Este é o caso do presente texto de Edgar Morin que agora anexamos a este site: “Da URSS à Santa Rússia” é uma demonstração de sua capacidade analítica e reflexiva.

Convidamos  o  leitor  a  verificar  o  manejo  de  dados  históricos,  culturais,  religiosos, geográficos,   econômicos,   sociológicos,   políticos   (e   de   diplomacia   e   política internacional), antropológicos, ecológicos e psicanalíticos, quiçá mais um ou outro, que Morin une em um fio complexo e de notável clareza argumentativa. Apesar de se tratar de uma análise sobre a guerra entre Ucrânia e Rússia, este pensador incansável aponta, no  argumento,  a  necessidade  de  preocupação  com  a  preservação  do  meio  ambiente em combate à degradação ecológica.
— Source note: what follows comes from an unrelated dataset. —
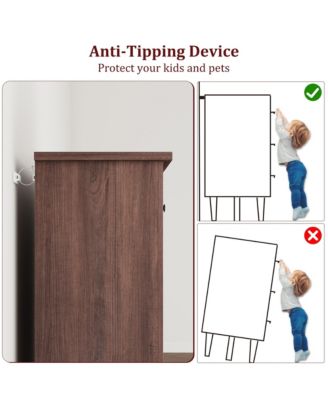 41.3" Tall 5-Drawer Brown Freestanding Wooden Chest Vertical Dresser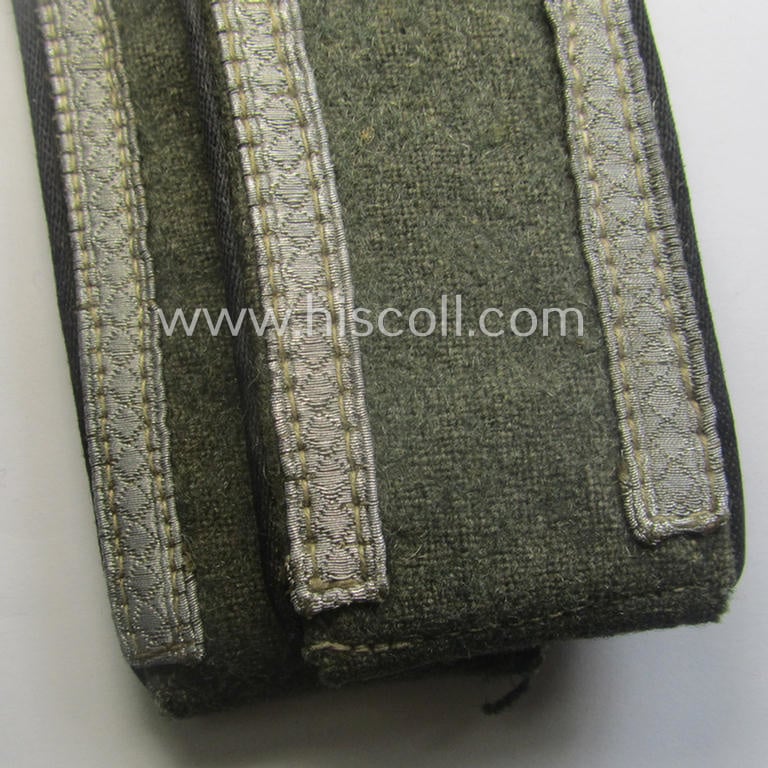 Pair of early- (ie. mid-) war-period so-called: 'M41 o. M43'-pattern, WH (Heeres) NCO-type shoulderstraps as piped in the black- (ie. 'schwarzer'-) coloured branchcolour as intended for an: 'Uffz. der Pionier-Trpn.'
Adicionalmente, é possível perceber a experiência de Edgar Morin acerca das guerras que conheceu, explicitada na tentativa de compreensão da situação atual entre Ucrânia e  Rússia  e  entre  OTAN  e  Comunidade  Europeia,  mediante  a  análise  das  saídas possíveis, das estratégias de negociação entre os dois países nestes momentos de crise acirrada.

Trata-se, então, de uma análise histórica dialética do “breve século XX” (para utilizar a famosa expressão do historiador britânico Eric Hobsbawn), e destas duas décadas do século XXI, sem receio de decifrar o processo e o ritmo densos de uma temporalidade em reviravolta, que atinge Rússia e Ucrânia de igual modo.

Ao apontar saídas para o impasse da guerra em forma de acordos possíveis recorrendo a exemplos históricos concretos em épocas anteriores, fica perceptível a lucidez deste pensador que almeja imaginar e construir a paz – uma paz necessária, principalmente em favor das gerações que virão.